* **What to produce**
Please copy all of the records exactly, leaving nothing out.

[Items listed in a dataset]
:::::
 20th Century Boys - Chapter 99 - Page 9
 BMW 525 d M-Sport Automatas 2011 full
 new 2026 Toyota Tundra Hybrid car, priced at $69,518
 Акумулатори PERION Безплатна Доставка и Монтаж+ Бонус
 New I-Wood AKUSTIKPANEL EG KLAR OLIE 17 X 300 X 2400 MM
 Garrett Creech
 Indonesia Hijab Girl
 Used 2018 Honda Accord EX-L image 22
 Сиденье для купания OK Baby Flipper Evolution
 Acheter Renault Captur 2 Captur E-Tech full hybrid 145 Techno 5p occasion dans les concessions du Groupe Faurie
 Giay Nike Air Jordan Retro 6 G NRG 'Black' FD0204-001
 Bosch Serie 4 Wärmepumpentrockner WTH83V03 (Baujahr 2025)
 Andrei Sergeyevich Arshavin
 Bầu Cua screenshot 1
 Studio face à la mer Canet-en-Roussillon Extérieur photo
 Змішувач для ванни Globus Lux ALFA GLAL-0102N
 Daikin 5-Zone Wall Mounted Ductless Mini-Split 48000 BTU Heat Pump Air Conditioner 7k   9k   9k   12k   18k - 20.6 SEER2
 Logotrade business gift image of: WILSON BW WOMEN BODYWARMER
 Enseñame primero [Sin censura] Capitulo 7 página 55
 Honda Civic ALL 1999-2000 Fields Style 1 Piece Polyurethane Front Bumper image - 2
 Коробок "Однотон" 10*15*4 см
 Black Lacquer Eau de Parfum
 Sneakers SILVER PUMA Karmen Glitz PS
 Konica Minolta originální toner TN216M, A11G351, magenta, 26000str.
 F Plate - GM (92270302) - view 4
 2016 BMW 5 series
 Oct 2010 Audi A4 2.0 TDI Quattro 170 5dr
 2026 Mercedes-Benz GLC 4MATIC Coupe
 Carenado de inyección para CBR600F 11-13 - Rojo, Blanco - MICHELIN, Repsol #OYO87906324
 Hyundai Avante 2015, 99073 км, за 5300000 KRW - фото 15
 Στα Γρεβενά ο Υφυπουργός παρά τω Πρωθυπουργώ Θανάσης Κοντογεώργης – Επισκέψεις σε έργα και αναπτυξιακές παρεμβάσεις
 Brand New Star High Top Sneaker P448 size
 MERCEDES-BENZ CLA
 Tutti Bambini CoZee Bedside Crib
:::::
* **Task result**
 20th Century Boys - Chapter 99 - Page 9
 BMW 525 d M-Sport Automatas 2011 full
 new 2026 Toyota Tundra Hybrid car, priced at $69,518
 Акумулатори PERION Безплатна Доставка и Монтаж+ Бонус
 New I-Wood AKUSTIKPANEL EG KLAR OLIE 17 X 300 X 2400 MM
 Garrett Creech
 Indonesia Hijab Girl
 Used 2018 Honda Accord EX-L image 22
 Сиденье для купания OK Baby Flipper Evolution
 Acheter Renault Captur 2 Captur E-Tech full hybrid 145 Techno 5p occasion dans les concessions du Groupe Faurie
 Giay Nike Air Jordan Retro 6 G NRG 'Black' FD0204-001
 Bosch Serie 4 Wärmepumpentrockner WTH83V03 (Baujahr 2025)
 Andrei Sergeyevich Arshavin
 Bầu Cua screenshot 1
 Studio face à la mer Canet-en-Roussillon Extérieur photo
 Змішувач для ванни Globus Lux ALFA GLAL-0102N
 Daikin 5-Zone Wall Mounted Ductless Mini-Split 48000 BTU Heat Pump Air Conditioner 7k   9k   9k   12k   18k - 20.6 SEER2
 Logotrade business gift image of: WILSON BW WOMEN BODYWARMER
 Enseñame primero [Sin censura] Capitulo 7 página 55
 Honda Civic ALL 1999-2000 Fields Style 1 Piece Polyurethane Front Bumper image - 2
 Коробок "Однотон" 10*15*4 см
 Black Lacquer Eau de Parfum
 Sneakers SILVER PUMA Karmen Glitz PS
 Konica Minolta originální toner TN216M, A11G351, magenta, 26000str.
 F Plate - GM (92270302) - view 4
 2016 BMW 5 series
 Oct 2010 Audi A4 2.0 TDI Quattro 170 5dr
 2026 Mercedes-Benz GLC 4MATIC Coupe
 Carenado de inyección para CBR600F 11-13 - Rojo, Blanco - MICHELIN, Repsol #OYO87906324
 Hyundai Avante 2015, 99073 км, за 5300000 KRW - фото 15
 Στα Γρεβενά ο Υφυπουργός παρά τω Πρωθυπουργώ Θανάσης Κοντογεώργης – Επισκέψεις σε έργα και αναπτυξιακές παρεμβάσεις
 Brand New Star High Top Sneaker P448 size
 MERCEDES-BENZ CLA
 Tutti Bambini CoZee Bedside Crib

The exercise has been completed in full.